Start Taking Stock of Assets
You can start your financial planning process by taking steps to understand your assets and how these financial resources can provide benefits for your growing family. The term “asset” applies to any tangible or intangible item that has monetary value and can be used to obtain cash when needed. In terms of your personal finances, the most common assets are going to be banking accounts, investments, and personal property. Investment accounts can include retirement savings, annuities, and life insurance (which we will touch on later).
Consider Purchasing a Home
Real estate can be a valuable asset for families to have as well and can keep you from wasting money on rent each month. So, if you are not already a home buyer, it may be worth considering the steps you need to take to purchase your first home. Buying a home can require some serious financial planning, but you can get started by figuring out how much home you can afford. It can also be helpful to get pre-approved for a loan and start looking for homes online, but one step you won’t want to skip is connecting with a reliable real estate professional. Working with an agent can simplify the homebuying process, especially for first-time buyers.
Obtain and Review Credit Reports
Whether you plan on buying a home before your baby arrives or just want to get started with financial planning, understanding your credit is a must.
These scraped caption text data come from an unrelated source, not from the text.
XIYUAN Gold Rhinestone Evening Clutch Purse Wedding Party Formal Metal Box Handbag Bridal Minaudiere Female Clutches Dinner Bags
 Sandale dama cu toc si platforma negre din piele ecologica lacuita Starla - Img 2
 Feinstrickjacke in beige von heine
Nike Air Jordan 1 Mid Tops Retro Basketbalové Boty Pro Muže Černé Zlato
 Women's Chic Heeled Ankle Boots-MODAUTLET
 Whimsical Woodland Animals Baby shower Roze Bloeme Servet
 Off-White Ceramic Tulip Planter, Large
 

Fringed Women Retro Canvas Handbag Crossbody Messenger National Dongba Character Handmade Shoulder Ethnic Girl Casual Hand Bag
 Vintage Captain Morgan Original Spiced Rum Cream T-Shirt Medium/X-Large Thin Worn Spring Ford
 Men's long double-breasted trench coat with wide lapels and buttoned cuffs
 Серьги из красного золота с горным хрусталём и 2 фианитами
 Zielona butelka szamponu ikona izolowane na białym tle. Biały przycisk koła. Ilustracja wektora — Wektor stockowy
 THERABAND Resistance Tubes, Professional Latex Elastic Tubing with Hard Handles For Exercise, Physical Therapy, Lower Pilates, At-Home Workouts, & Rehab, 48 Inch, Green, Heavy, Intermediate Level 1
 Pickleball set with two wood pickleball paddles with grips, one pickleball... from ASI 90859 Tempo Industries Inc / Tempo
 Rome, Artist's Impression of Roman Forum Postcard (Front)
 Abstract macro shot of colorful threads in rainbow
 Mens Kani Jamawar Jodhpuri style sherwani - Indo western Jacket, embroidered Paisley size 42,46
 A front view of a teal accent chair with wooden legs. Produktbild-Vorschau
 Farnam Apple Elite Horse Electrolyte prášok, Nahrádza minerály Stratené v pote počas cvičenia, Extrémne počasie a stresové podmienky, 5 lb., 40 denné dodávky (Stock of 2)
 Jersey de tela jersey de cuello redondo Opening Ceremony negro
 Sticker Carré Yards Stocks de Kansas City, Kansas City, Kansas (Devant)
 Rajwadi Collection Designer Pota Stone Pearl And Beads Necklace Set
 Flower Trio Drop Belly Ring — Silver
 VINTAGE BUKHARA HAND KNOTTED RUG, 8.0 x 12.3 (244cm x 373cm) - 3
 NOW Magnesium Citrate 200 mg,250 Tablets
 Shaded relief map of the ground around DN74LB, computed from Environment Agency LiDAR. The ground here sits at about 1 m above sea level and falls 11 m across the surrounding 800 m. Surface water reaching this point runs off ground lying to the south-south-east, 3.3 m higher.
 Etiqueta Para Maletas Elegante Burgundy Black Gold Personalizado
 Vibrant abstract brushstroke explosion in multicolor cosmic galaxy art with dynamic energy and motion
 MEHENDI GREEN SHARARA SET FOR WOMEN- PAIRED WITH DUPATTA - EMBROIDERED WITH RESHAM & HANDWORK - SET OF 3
Even though credit can be so important for financial stability, many Americans still do not fully understand how to use their credit wisely. If you are one of these folks, there’s no need to feel anxious or ashamed! If you want to provide a stable financial future for you and your children, however, you should take control of your credit ASAP. Start by pulling copies of your credit reports from all three bureaus and then check those reports over for potential errors and potential opportunities for improving your credit score.
Focus on Establishing Savings
With your assets, real estate plans, and credit reports taken care of, you can start looking for ways to increase the stability in your overall financial plan. While most new or expectant parents think that paying off debt is the key to doing this, most experts recommend putting that money toward essential savings before you start to pay off every single debt you currently owe. Having enough savings to cover emergencies, including unexpected home repairs and sudden family illnesses, can keep those surprises from interfering with your financial goals. If you want to protect your family’s future, you should also focus on saving for your retirement.
Then Consider Paying Off Debts
With your emergency and retirement savings on track, you can begin to put more of your money toward reducing your debt. As you pay off bills, however, make sure you do so wisely. Many people make the mistake of thinking that all debt is bad, but in reality, having debts like a mortgage or even student loans on your credit report can help your score. You just need to be able to make those payments on time. If you do have any high-interest credit cards or loans, those should be the debts you pay off before your little one arrives to free up your finances.
Being financially prepared for parenthood isn’t necessarily easy, but it doesn’t have to be overly complicated either. With a few basic steps and some helpful resources, you can make sure your money worries are minimized before your little one arrives. If you need additional help and guidance, you can also consider working with a financial advisor.